In one of several very interesting panel discussions at the World Gold Investment Congress section of Terrapinn’s World Commodities Week in London this past week, James Turk reiterated his opinion that gold could climb as high as $8,000 – based on simple mathematics. In the 1970s, he pointed out, gold rose from $35 to $800 at its peak and he sees no reason why in the current period history shouldn’t repeat itself by taking it from around $350, as it was in 2003, to around $8,000 by perhaps 2013-2015 in the current bull run, which many observers feel is only in its mid-stages.
However, investors who follow this advice also need to be aware that when the spike to over $800 came in early 1980 it came very quickly, and then the price receded back to around $490 very fast too – a far more volatile reaction than many would find comfortable to live with. Subsequently gold rallied again to around the $700 level before collapsing into a bear market from which it did not really emerge until the early 2000s. There are certainly those out there who believe that a similar fate may be in store for current gold investors – the difficulty would be picking the top when it eventually comes, as it surely will. Gold is unlikely to go on up for ever.
Turk is obviously, and probably always has been, one of the most bullish proponents of the gold story and his opinions have been strongly borne out so far in the latest runup in gold price. He also believes that the U.S., and by association much of the rest of the old major economic bloc, is on the road to hyperinflation – a gloomy premise for the world’s middle classes who, in the past, have been virtually wiped out economically in countries where hyperinflation has occurred. He sees this as the ultimate consequence of the virtually indiscriminate printing of paper money, under the politico-speak of Quantitative Easing and sees holding physical gold and silver as one of the few options for protecting one’s wealth against the perils of the massive inflation being predicted.

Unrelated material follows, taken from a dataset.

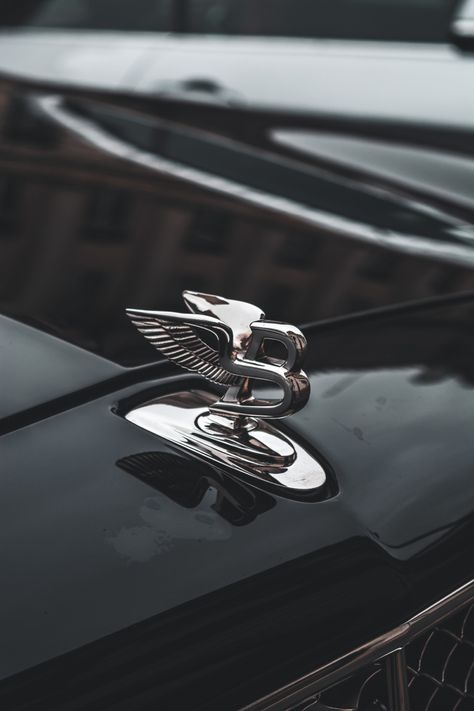 Bentley Wallpaper, Bmw Iphone Wallpaper, Wallpapers 2023, Lifestyle Goals, Bentley Car, Swag Cartoon, Watch Faces, New Wallpaper, Car Wallpapers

Also participating in the panel discussion was Chris Wyke of global asset management group, Schroders, who was almost equally bullish on the prospects for gold in the current environment, although perhaps less comfortable with the extreme price rise and hyperinflation scenario espoused by Turk. Both panellists, though believe that Quantitative Easing programmes, of which we are almost certainly about to see another tranche, will inevitably ultimately lead to serious inflation and be beneficial for precious metals prices – it is only in the degree where there were differences.
An earlier very interesting panel discussion, which went on rather longer than planned, involved Kit Juckes, chief economist at the ECU Group and Chris Watling of Longvierw Capital. The discussion here revolved more around the macro-economic situation, but came to some of the same conclusions. Here it was felt that the dollar was definitely on the decline, but then so were most other old world currencies and that gold was likely to at least retain its value in all of them. The subject was primarily whether the gold price has a direct relationship to inflation – and the conclusion was that it did not specifically – it seems to perform well in a times of economic uncertainty whatever the prevailing monetary trend – inflationary or deflationary. It was also felt that although from time to time gold may have an inverse relationship with US dollar strength, this was also not necessarily true in the longer term.
Both felt quantitative easing was not the answer to global economic problems and that interest rates should rise even if this causes more short term hardship. Both felt that the U.K. government’s current policy of trying to wipe out the country’s indebtedness over the next few years was the right policy and by implication that other countries should follow suit.